Footfall in the three months to July was 2.3% lower than a year ago, worse than the 2.0% fall in the previous quarter, according to the latest British Retail Consortium (BRC) figures.
Footfall weakened in all types of locations, particularly high streets with a 5.5% fall, compared with out-of-town down 1.2% and shopping centres down 0.4%.
The hardest-hit locations in the past three months were Greater London (-8.9%), Scotland (-8.2%), and the East (-7.3%). Northern Ireland (6.2%) and Wales (4.0%) were the only regions to show increased footfall. The South-East (-0.5%) and the North and Yorkshire (-0.9%) showed the smallest declines.

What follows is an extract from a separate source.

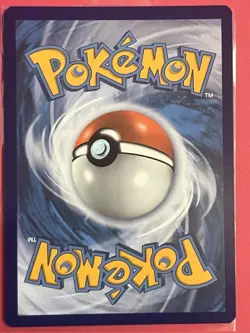 Pokemon Pikachu V TG16/TG30 Lost Origin Trainer Gallery Ultra Rare Full Art Holo - Image 2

The national town centre vacancy rate in the UK was 11.4% in July 2012 (high streets and shopping centres), up from 11.2% in July 2011 when this survey began.
Stephen Robertson, BRC director general, said: “Some of the wettest weather on record drove a sharp decline in shopper numbers over the quarter. July saw the biggest drop in overall footfall with high streets suffering the most.
“Apart from the Christmas boost in December, high street footfall has now been down for 18 months driven by jobs fears and falling disposable incomes.
“In most parts of the UK, it’s a continuing story of people being short of money, reluctant or unable to spend, resulting in consistently high levels of empty shops.
“There was little sign of a general Jubilee bounce though the wettest June on record did produce the only month in the quarter when shopping centre footfall rose as people avoided going outside. Retailers will be hoping the Olympics had a more positive impact. They will be reflected in the next quarter’s survey.”